_Collected data_

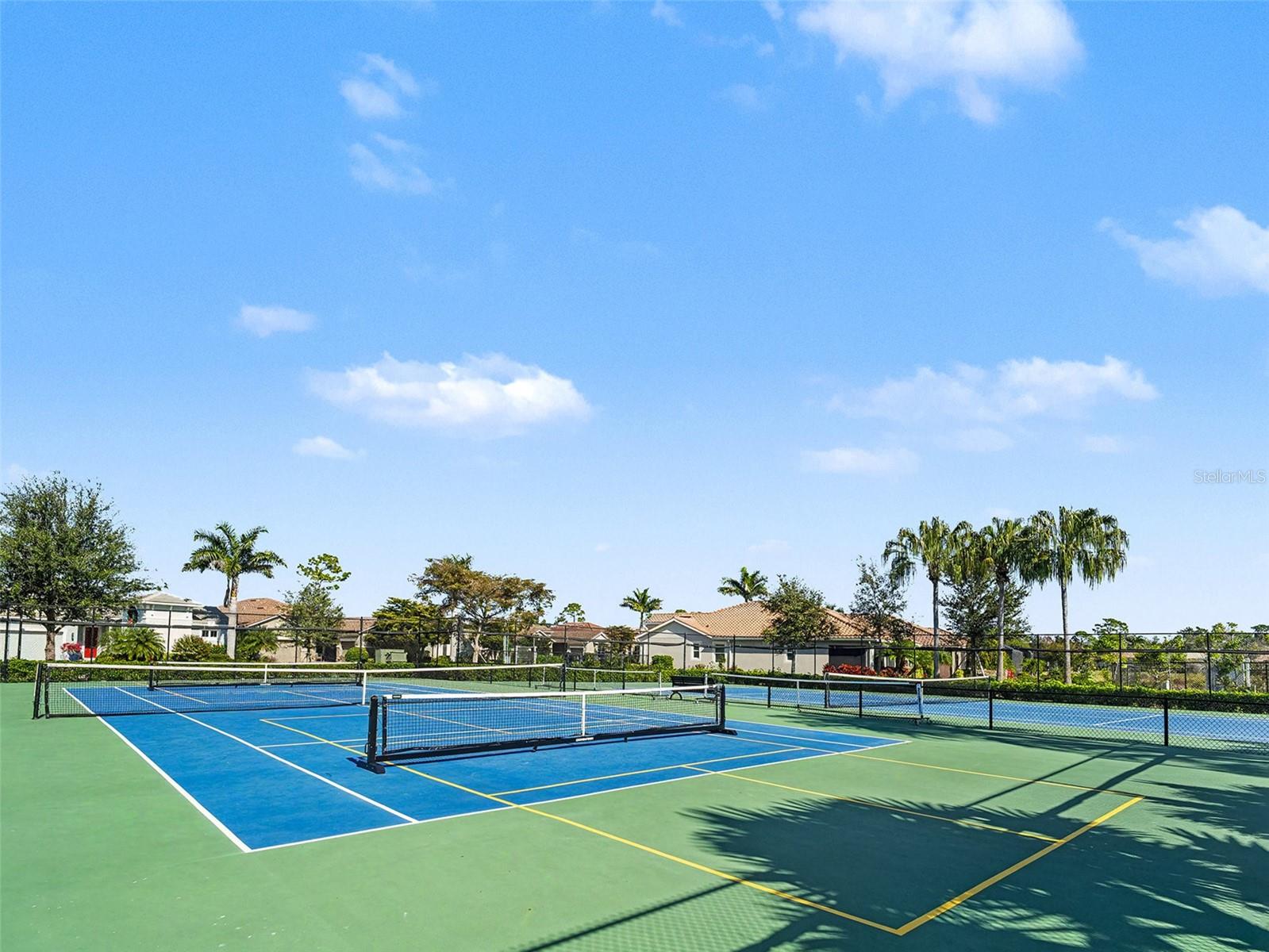 RENAISSANCE/WEST VLGS PH 2B & - Residential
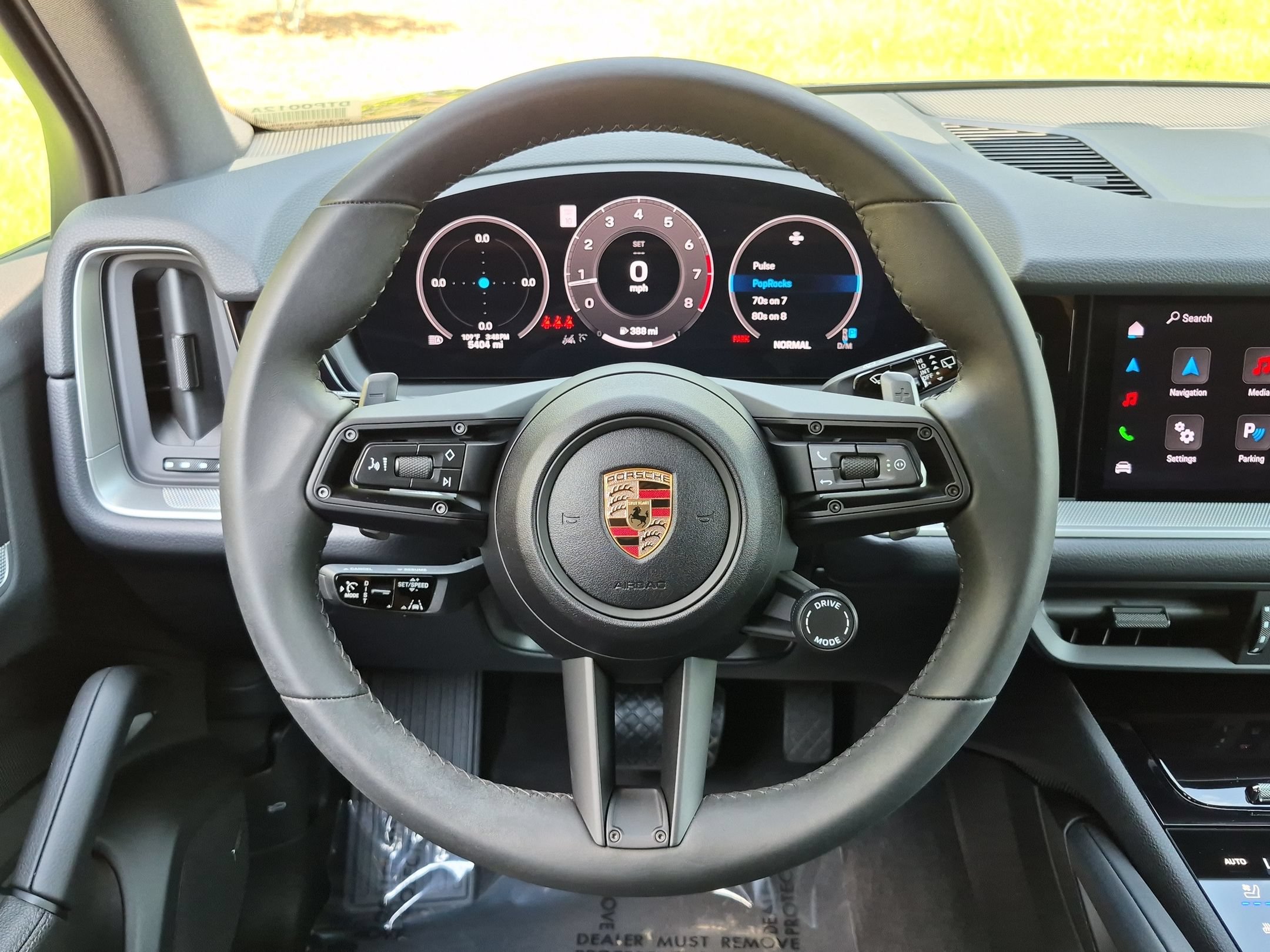 Certified 2024 Porsche Cayenne AWD/4WD image 8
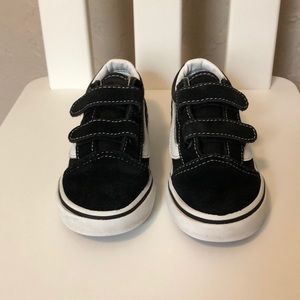 Black Old School Vans Toddler 8.5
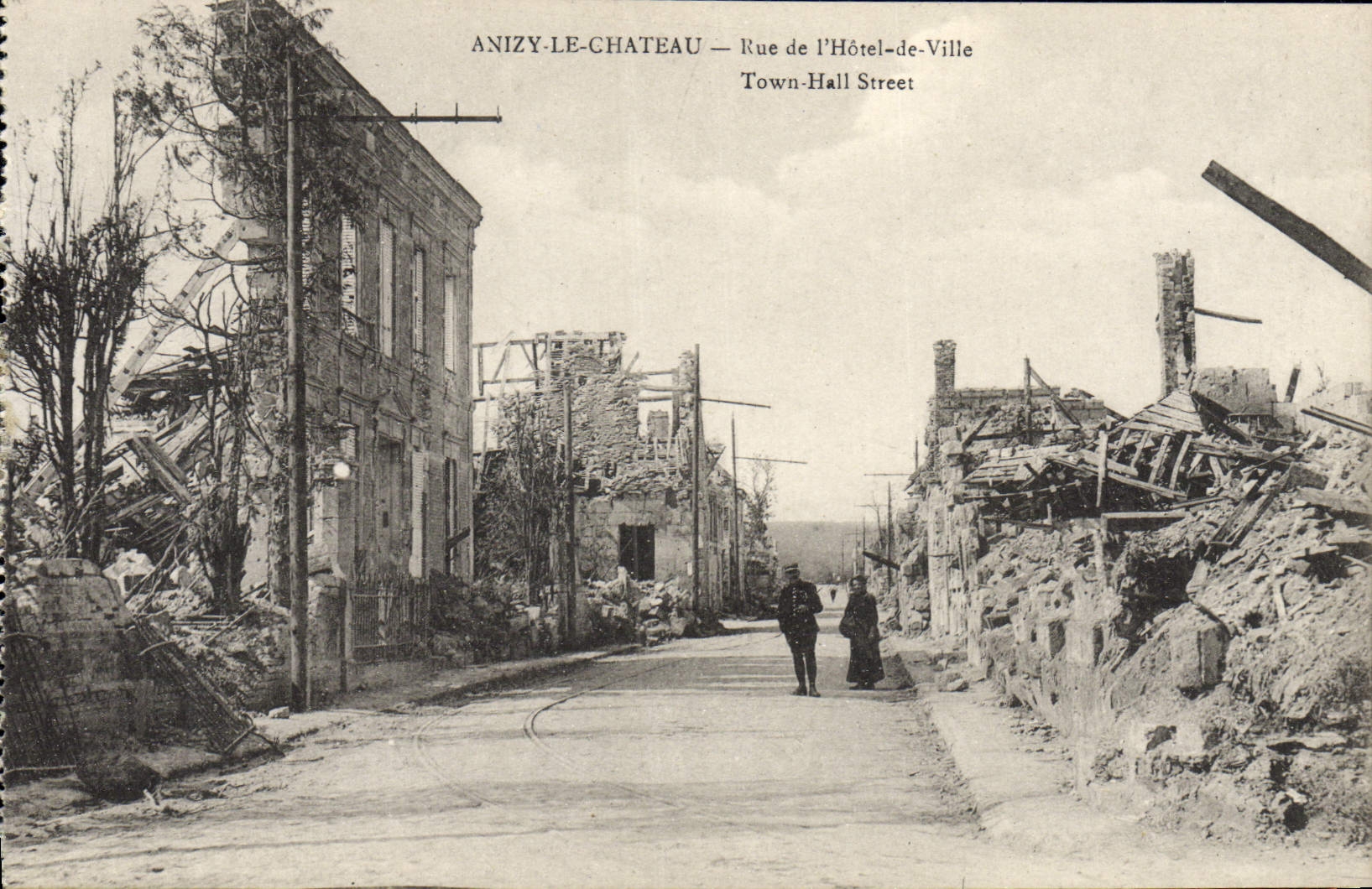 Anizy-le-Château — Rue de l'Hôtel-de-Ville — Nachkriegszerstörung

_Exercise brief_
Output the listing exactly, pictures excluded.

_Result for this task_
 RENAISSANCE/WEST VLGS PH 2B & - Residential
 Certified 2024 Porsche Cayenne AWD/4WD image 8
 Black Old School Vans Toddler 8.5
 Anizy-le-Château — Rue de l'Hôtel-de-Ville — Nachkriegszerstörung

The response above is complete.